EXERCISE> Please copy exactly the part of the records below that opens with the line containing "MacBook Pro M3" and closes with the line containing "Imagen 8 de", leaving out any pictures.

AVAILABLE RECORDS>

....................

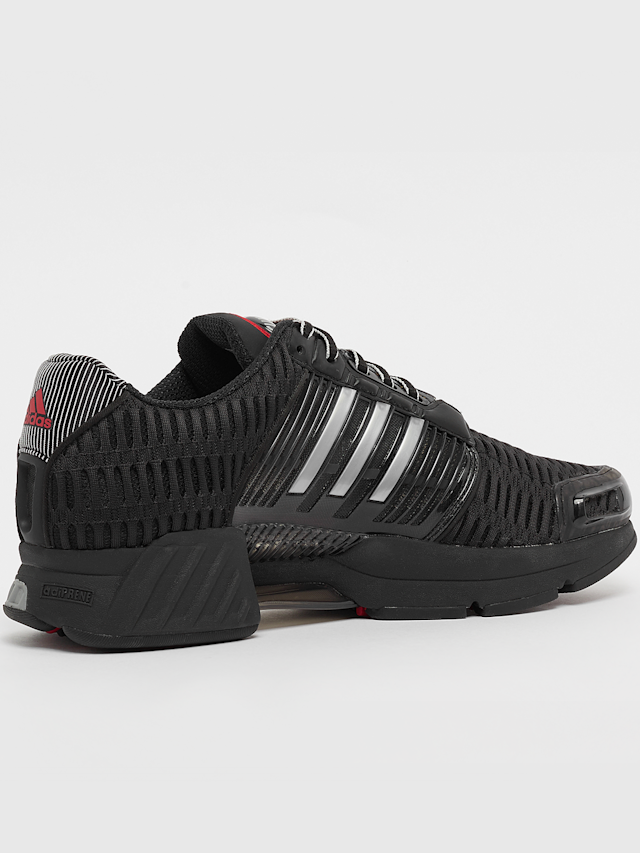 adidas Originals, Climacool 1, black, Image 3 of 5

....................

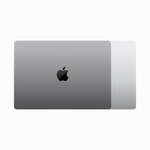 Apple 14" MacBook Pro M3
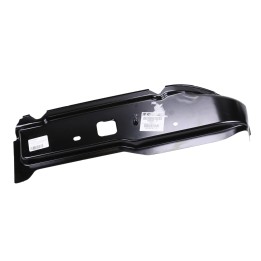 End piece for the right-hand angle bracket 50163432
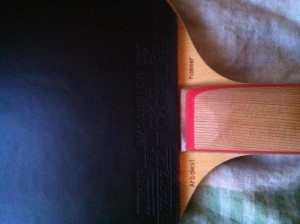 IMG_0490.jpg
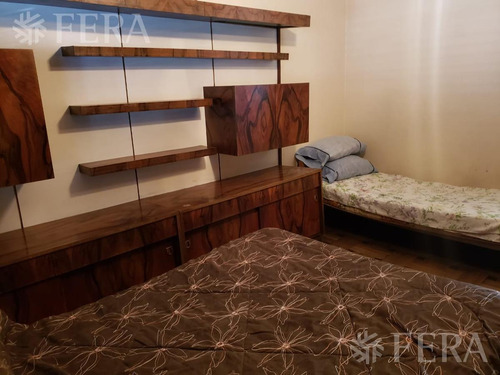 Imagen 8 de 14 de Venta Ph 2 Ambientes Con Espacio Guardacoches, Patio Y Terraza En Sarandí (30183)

....................

EXERCISE RESULT>
 Apple 14" MacBook Pro M3
 End piece for the right-hand angle bracket 50163432
 IMG_0490.jpg
 Imagen 8 de 14 de Venta Ph 2 Ambientes Con Espacio Guardacoches, Patio Y Terraza En Sarandí (30183)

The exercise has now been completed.